__Data shown__.
↓↓↓

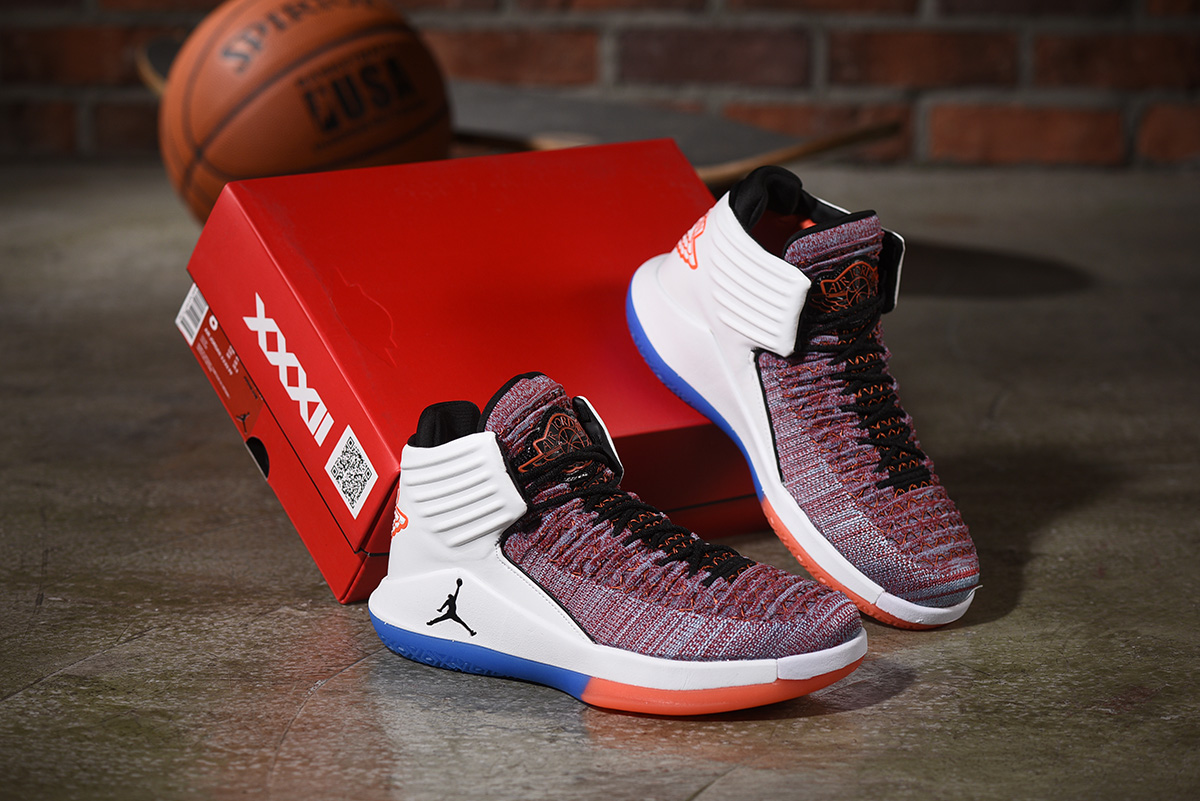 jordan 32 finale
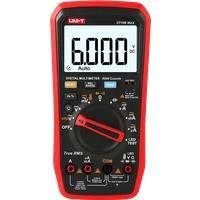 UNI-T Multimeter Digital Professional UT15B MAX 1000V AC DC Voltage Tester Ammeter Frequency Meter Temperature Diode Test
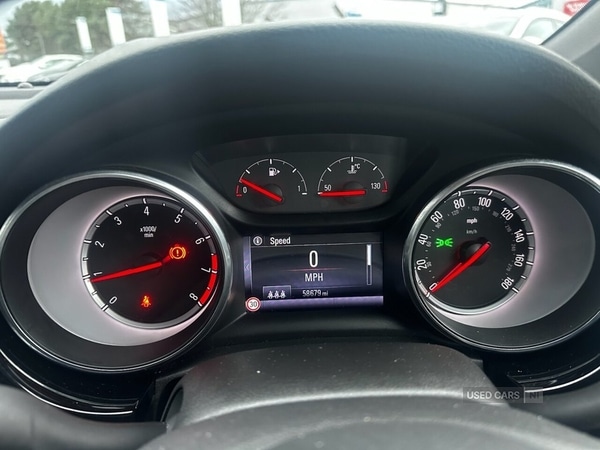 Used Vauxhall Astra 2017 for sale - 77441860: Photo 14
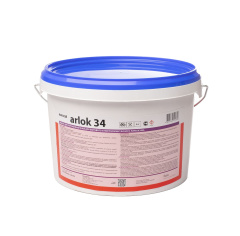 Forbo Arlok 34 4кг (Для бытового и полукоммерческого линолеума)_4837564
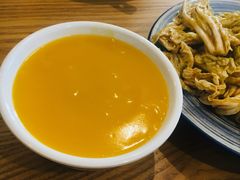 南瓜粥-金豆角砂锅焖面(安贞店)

↑↑↑
↓↓↓

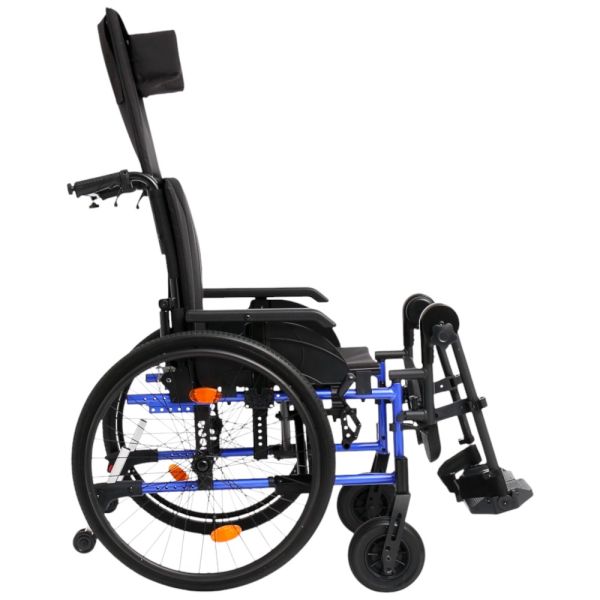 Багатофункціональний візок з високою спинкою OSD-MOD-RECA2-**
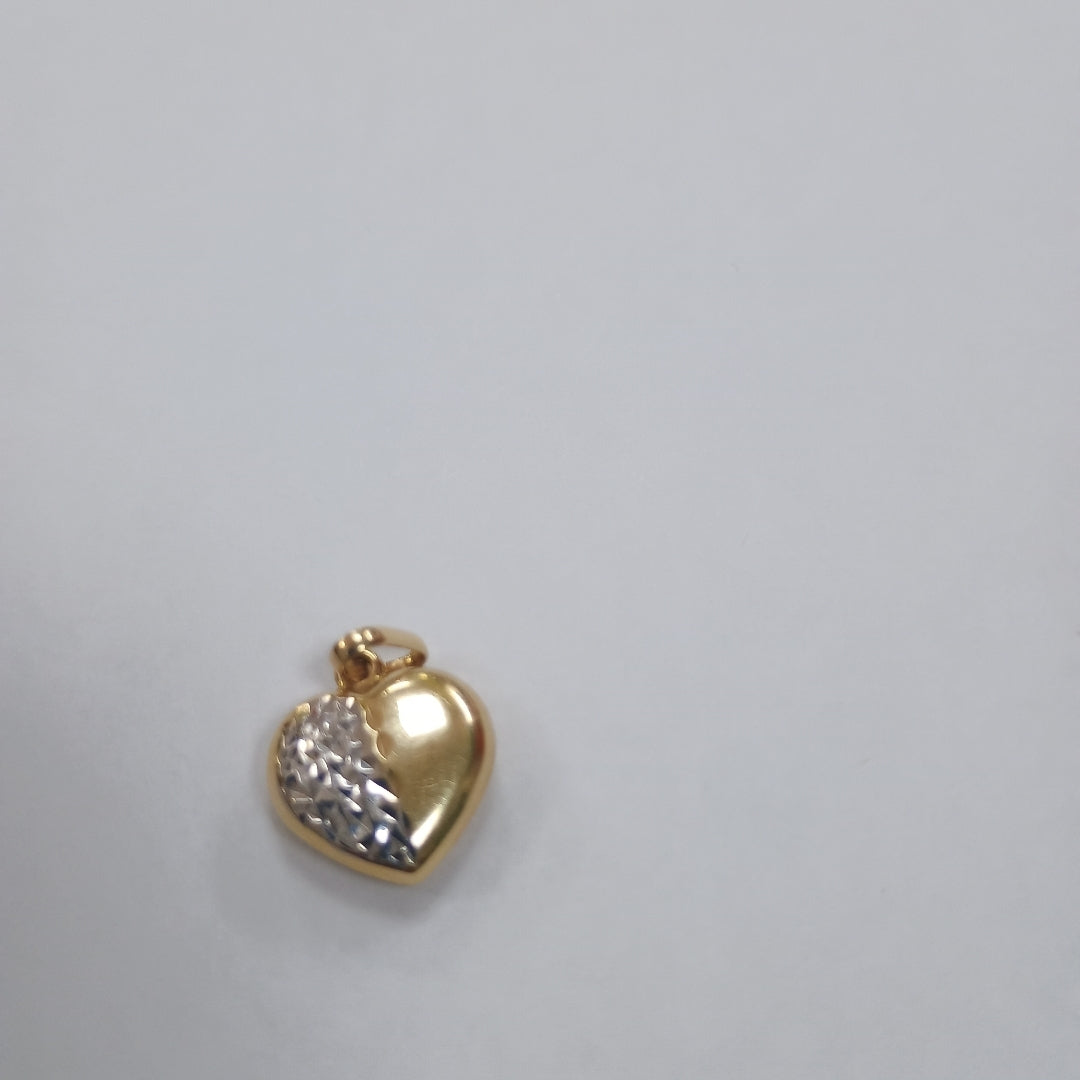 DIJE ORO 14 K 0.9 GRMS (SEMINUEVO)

↑↑↑

Look through the listing above for the line with "jordan 32 finale" and the line with "南瓜粥-金豆角砂锅焖面(安贞店)". Write out exactly those lines and everything between, leaving out pictures.

__Written response__.
 jordan 32 finale
 UNI-T Multimeter Digital Professional UT15B MAX 1000V AC DC Voltage Tester Ammeter Frequency Meter Temperature Diode Test
 Used Vauxhall Astra 2017 for sale - 77441860: Photo 14
 Forbo Arlok 34 4кг (Для бытового и полукоммерческого линолеума)_4837564
 南瓜粥-金豆角砂锅焖面(安贞店)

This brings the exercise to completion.